Fanboys say a lot of nonsense to favour their side. I read that Apple and Linux computers do not need Antivirus (AV) software. The same web page also told me that you don’t need contraception if you don’t do pregnancy tests. www.what.web.wisdom.
Mac OS and Linux may be better locked down than MS Windows, but I have AV software on all my installations. It’s not just there for me either. I would not want to spread a computer virus even if it only infects a different OS to the one I’m using when we virtually connect. I will also have the Covid 19 vaccine personally when available.
Keeping open minded about options can be a struggle when you start to feel committed to one man made union, device or approach. In terms of desktop operating systems, I think they now have so very much in common.
I have some of my favourite programs (GNOME, Inkscape, VLC, Audacity…) installed on Linux (Ubuntu), Mac OS (Big Sur) and Windows 10. There is even a version of Microsoft Windows OS and MS Office for ARM as well as x86 CPUs.
Do our countries play as nicely? Competition and difference is a good thing provided we don’t lose sight of mutual support and the benefit of working together.
Hardware and software systems are better through interoperability with others. It’s possible to freely import and export between environments using different rule-based systems using products packaged with an agreed specification. A whole variety of transmission routes can be used, wired, wireless, physically or otherwise. There are so many agreed file formats for text, images, film and music.
A new normal for all. People working from home have opened new opportunities for computer technology. New ways of working with and even developing information technology (IT) systems are likely to thrive beyond the Covid measures. IT should always be driven by the needs of people rather than machines.
In the cloud you don’t always need programs installed when they are available via an internet browser.
My latest keyboard and mouse can drag files from the desktop screen of one computer to the screen and desktop of another on the same network, even when they have a different OS. Not just a dual screen drag and drop on the same computer as done by so many. I can use it for my Windows 10 and Big Sur Mac OS machines that are next to one another in my office because I like the best of both.
I now realise that its possible to enjoy working with more than one operating system! Surely Covid 19 has demonstrated the necessity of working together irrespective of our context. There can be a huge difference between what we work for, and what we live for.
If religion or even a Christian denomination was an operating system for life, which one is yours?
Am I back to football fan mentality again? How does this approach help our union with the creator God. Our God wants to be with the people He loves. He is well beyond man made small print.
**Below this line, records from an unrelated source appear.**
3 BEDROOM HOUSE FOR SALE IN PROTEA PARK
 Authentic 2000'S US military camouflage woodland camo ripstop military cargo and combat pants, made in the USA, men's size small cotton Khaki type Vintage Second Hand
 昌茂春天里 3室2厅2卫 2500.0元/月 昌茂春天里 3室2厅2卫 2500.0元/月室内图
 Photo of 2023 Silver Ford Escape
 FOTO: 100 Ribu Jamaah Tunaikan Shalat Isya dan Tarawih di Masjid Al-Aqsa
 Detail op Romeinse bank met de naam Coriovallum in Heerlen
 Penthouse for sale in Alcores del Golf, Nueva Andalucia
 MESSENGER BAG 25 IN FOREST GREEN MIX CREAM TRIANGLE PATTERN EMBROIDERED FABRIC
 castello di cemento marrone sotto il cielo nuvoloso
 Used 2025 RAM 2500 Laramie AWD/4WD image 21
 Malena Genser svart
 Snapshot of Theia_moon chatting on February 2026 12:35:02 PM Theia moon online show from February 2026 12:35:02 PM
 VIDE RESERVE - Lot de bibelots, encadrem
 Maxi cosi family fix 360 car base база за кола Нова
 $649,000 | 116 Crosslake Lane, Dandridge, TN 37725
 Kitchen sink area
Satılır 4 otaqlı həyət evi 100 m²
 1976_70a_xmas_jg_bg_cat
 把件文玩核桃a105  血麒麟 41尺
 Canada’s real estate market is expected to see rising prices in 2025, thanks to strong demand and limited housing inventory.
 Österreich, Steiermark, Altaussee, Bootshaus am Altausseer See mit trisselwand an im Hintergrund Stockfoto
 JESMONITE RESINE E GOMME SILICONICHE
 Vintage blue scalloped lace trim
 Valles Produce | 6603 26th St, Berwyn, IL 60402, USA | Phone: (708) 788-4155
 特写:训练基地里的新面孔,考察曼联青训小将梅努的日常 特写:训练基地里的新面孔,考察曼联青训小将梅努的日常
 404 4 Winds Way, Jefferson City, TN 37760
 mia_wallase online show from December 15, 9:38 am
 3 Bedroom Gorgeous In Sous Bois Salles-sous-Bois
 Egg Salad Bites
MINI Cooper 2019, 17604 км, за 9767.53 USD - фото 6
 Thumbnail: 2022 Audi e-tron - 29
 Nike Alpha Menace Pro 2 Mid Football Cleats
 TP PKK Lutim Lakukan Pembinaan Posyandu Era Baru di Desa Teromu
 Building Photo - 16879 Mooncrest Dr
The devil is indeed often in the unnecessary and selfish detail we add.
For me; to focus on religious activity alone is a, “No”. Relationship as described and lived by His Word, “Yes”.
I conclude with Chromium. This OS is very reliant on the internet cloud. This is the Cloudready version. I don’t have a Chromebook.
Are we cloud ready, working with God, or are we gambling with an ever-changing uncertain future? I’m starting to rely more on the steadfast and permanent love of God as the only sure foundation to build for the now, and the forever.